Stored entries
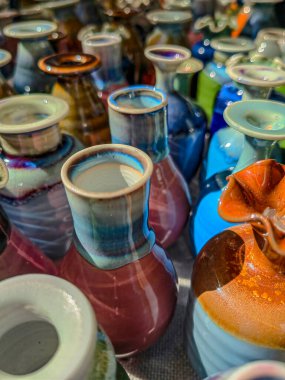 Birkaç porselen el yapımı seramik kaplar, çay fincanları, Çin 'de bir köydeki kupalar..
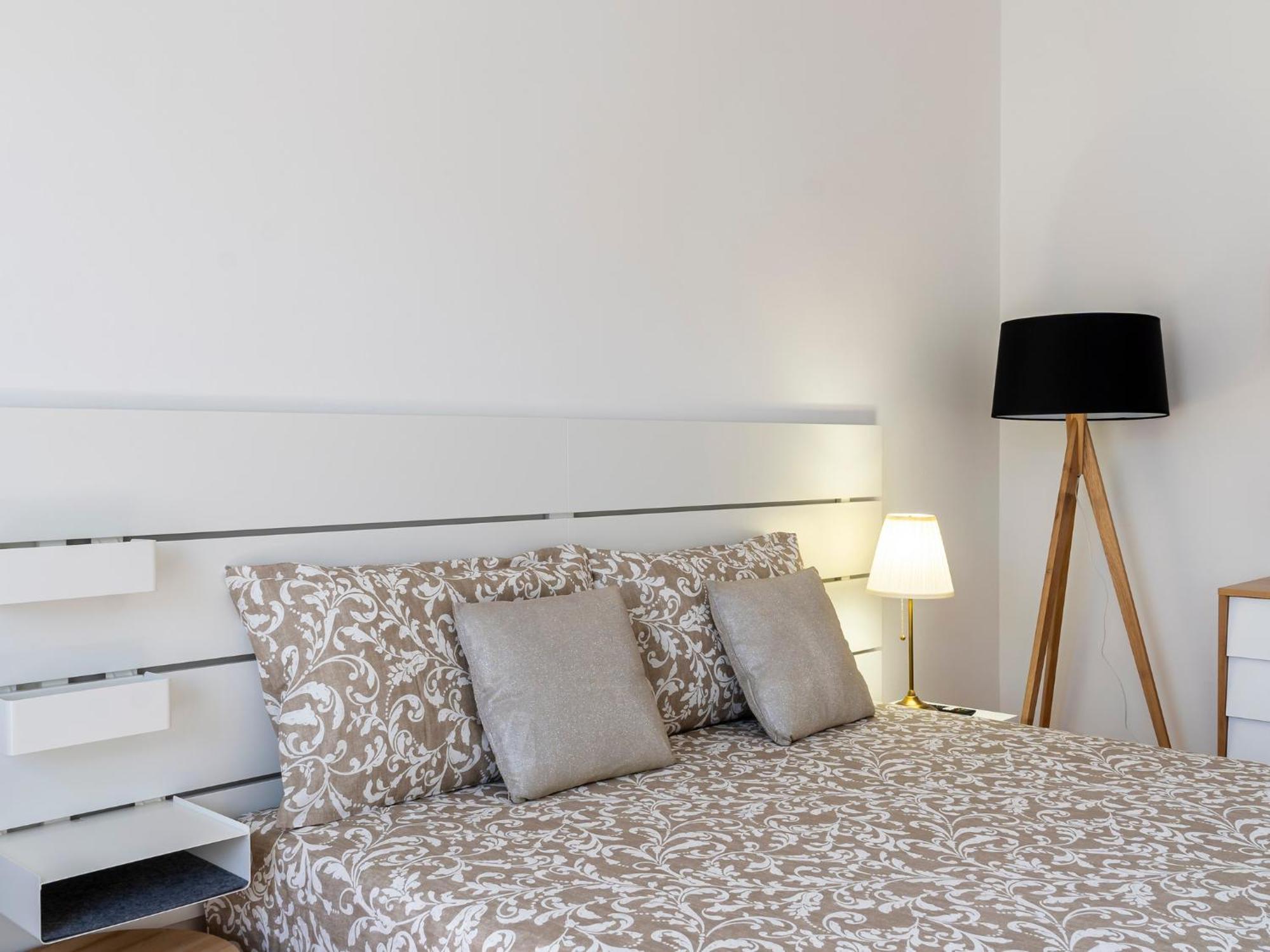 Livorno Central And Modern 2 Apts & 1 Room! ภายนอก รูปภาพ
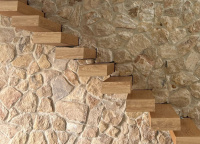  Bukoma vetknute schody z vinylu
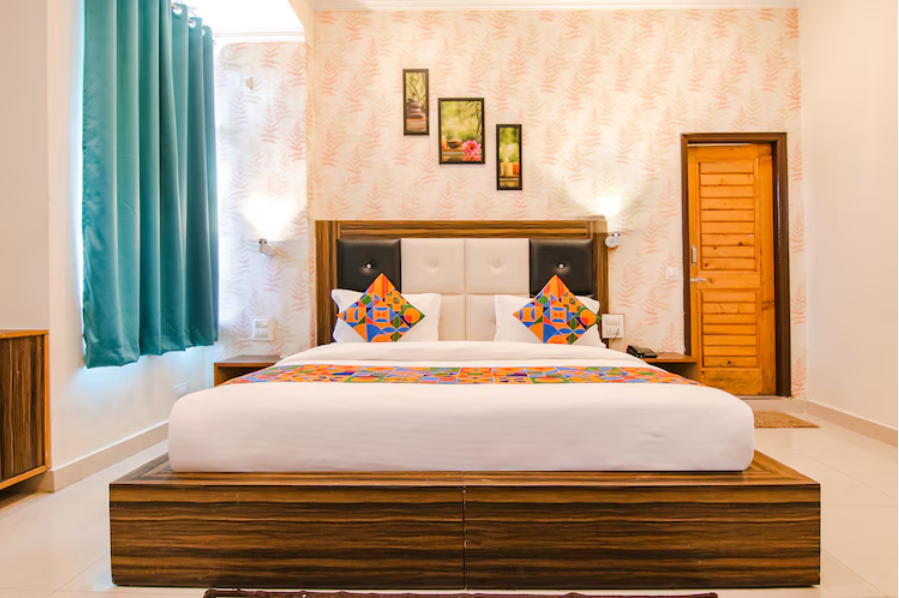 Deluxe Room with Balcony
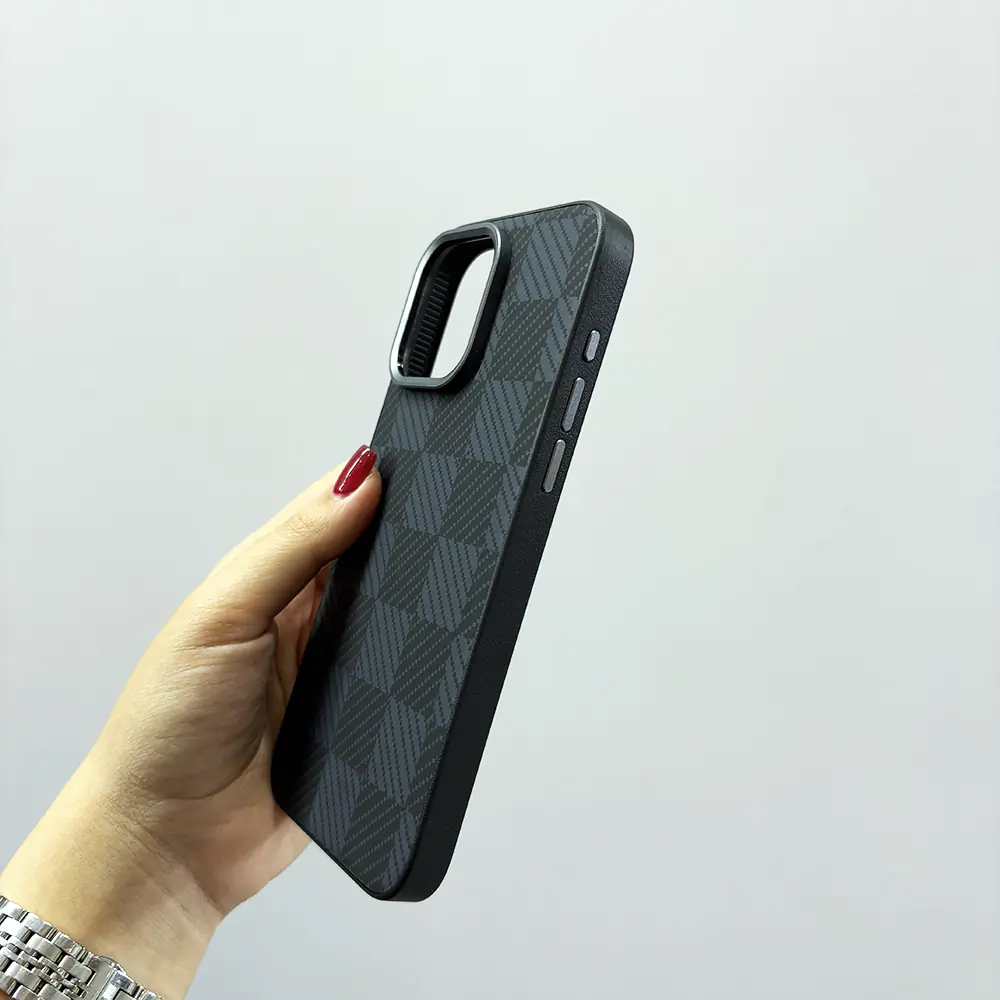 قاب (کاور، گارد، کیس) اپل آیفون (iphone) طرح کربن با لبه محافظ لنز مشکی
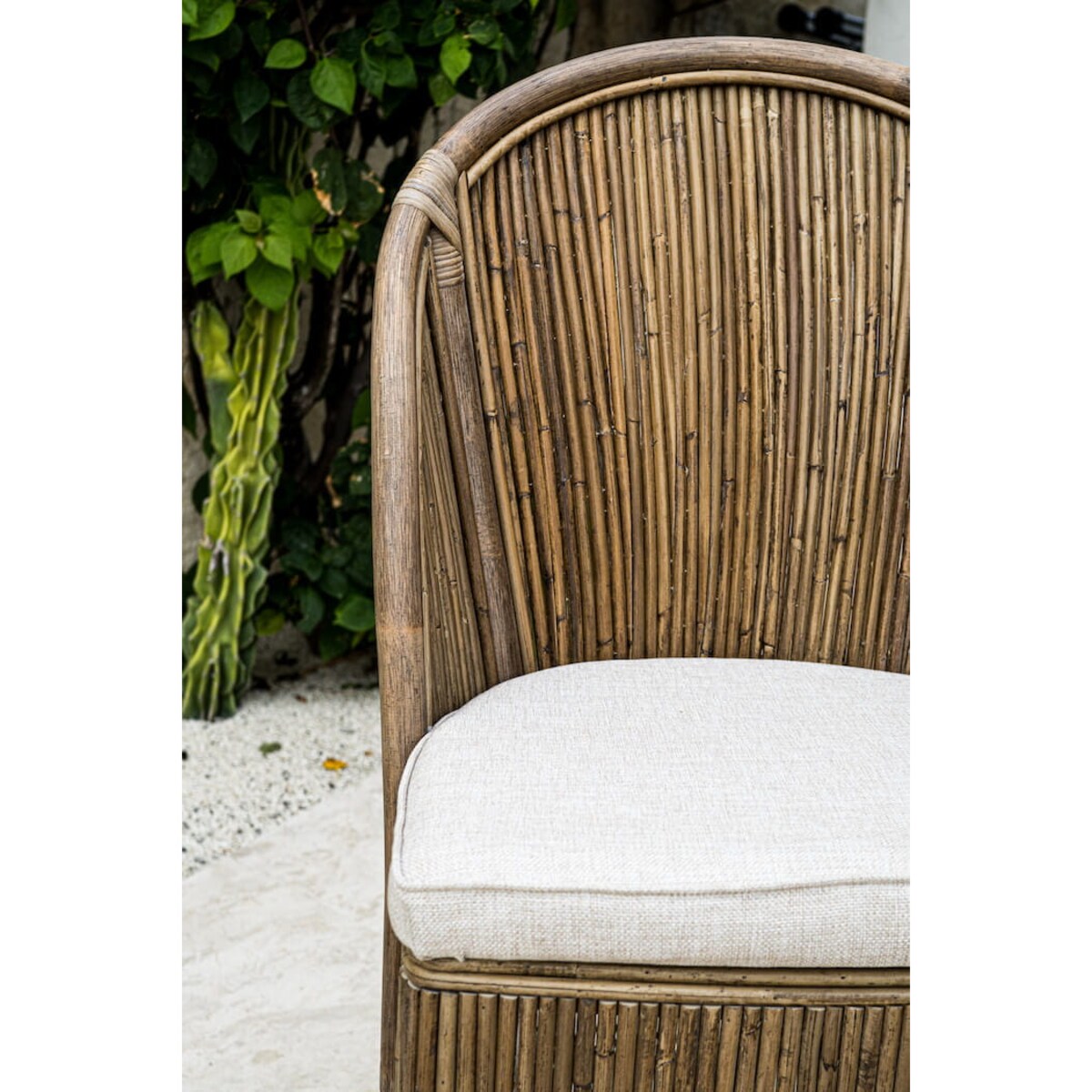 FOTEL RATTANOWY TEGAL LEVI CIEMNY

# Exercise directions:
Each record must appear again exactly as written above, without its pictures.

# Written answer:
 Birkaç porselen el yapımı seramik kaplar, çay fincanları, Çin 'de bir köydeki kupalar..
 Livorno Central And Modern 2 Apts & 1 Room! ภายนอก รูปภาพ
  Bukoma vetknute schody z vinylu
 Deluxe Room with Balcony
 قاب (کاور، گارد، کیس) اپل آیفون (iphone) طرح کربن با لبه محافظ لنز مشکی
 FOTEL RATTANOWY TEGAL LEVI CIEMNY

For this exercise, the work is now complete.